Ma quindi le domandiamo incuriositi se anche a settantotto anni il volontariato possa rappresentare un motore per l’apprendimento di nuove skills: “Sai cosa ti dico? Non si finisce mai di imparare! Quando lavoravo mi occupavo di fasce d’utenza precostituite, come minori, anziani, adulti, disabili e così via. Qui mi occupo di grave emarginazione e senza fissa dimora, un “taglio” che non conoscevo anche perché quando lavoravo era un fenomeno più ristretto. Questa nuova sfida mi è insomma di estremo interesse, mi è d’aiuto! Alla mia età sono ancora qui in pista! Ci sono e imparo sempre di più!”.

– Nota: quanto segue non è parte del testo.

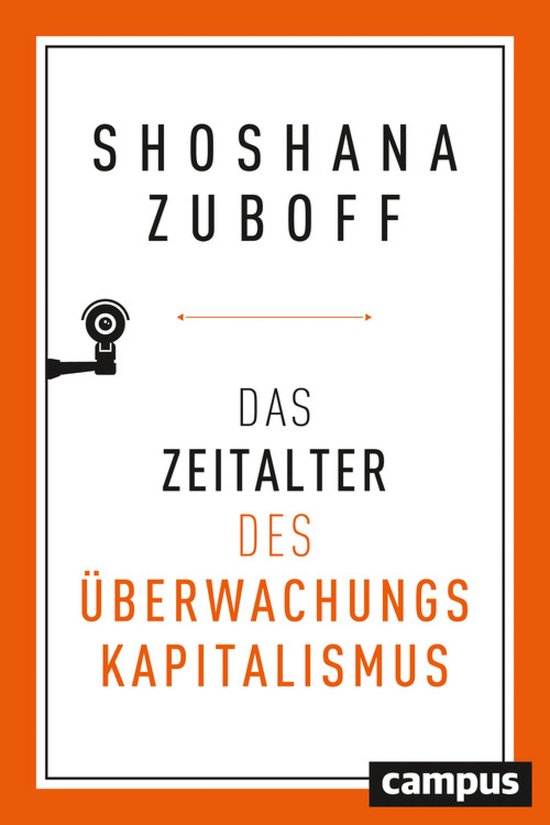 Couverture du livre 'Das Zeitalter des Überwachungskapitalismus' par Shoshana Zuboff, avec une icône de caméra de surveillance.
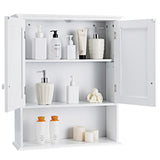 NNECW Multi-Purpose Wall Cabinet Storage with 2-Door for Bathroom White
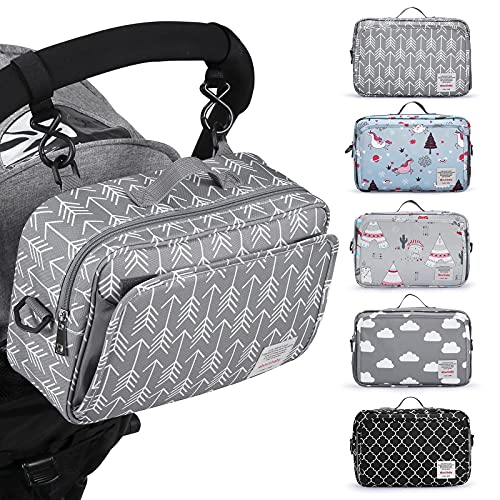 GOGOSO Universal Stroller Caddy Accessories All-in-One Baby Organizer with Insulated Pocket,Capacity for Diapers, Toys & Snacks, Dark Gray - color: arrow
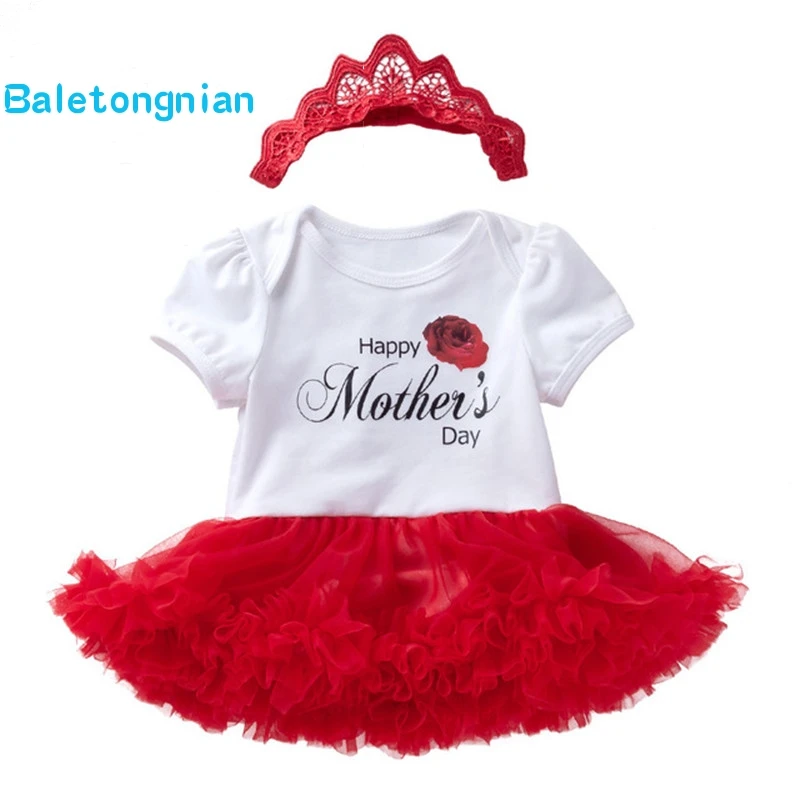 

Infant Newborn Baby Girl Mother's Day Clothes Set Tutu Lace Dress+Headband 2Pcs Princess Baptism Birthday Clothes Kids Outfits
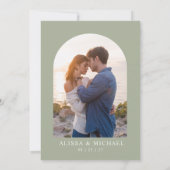 Sage Greenの結婚Arch Photo Handwriting Inv 招待状 (裏面)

Il rapporto con le nuove generazioni di volontari non spaventa Anna. Ci confessa che proprio su quel delicato “tavolo di equilibri” si gioca la partita del dare il meglio di sé: “La marcia in più di un senior è la maturità e l’esperienza. Ovviamente noi dobbiamo imparare a stare con i giovani, cosa non scontata… alle volte ti confesso che mi do una botta sulla mano e mi rimprovero perché non sono stata capace d’essere meno invadente… insomma lasciare loro più spazio! Ce la metto tutta. Poi, oh, si sbaglia anche noi vè!”.

Mi accorgo che Anna, oltre a essere vulcanica, non si tira indietro di fronte a nessuna domanda scomoda e quindi cerco di prenderla in fallo proprio in chiusura. Le domando, in quanto donna così concreta e pragmatica, se a settantotto anni abbia ancora dei sogni nel cassetto: “Io sto dicendo alle amiche che, visto che sto andando verso gli 80, forse è il caso di smettere di sognare. Semplicemente mi guardo allo specchio e mi dico che mi devo dare una calmata perché faccio troppo casino! Però d’altra parte devo mantenere la testa e il cuore vivi, capaci di capire e leggere la realtà, devo continuare a essere attenta a tutte le persone. Questo è il mio desiderio, continuare a farlo!”.

Questa è Anna, instancabile (e sognatrice) volontaria senior.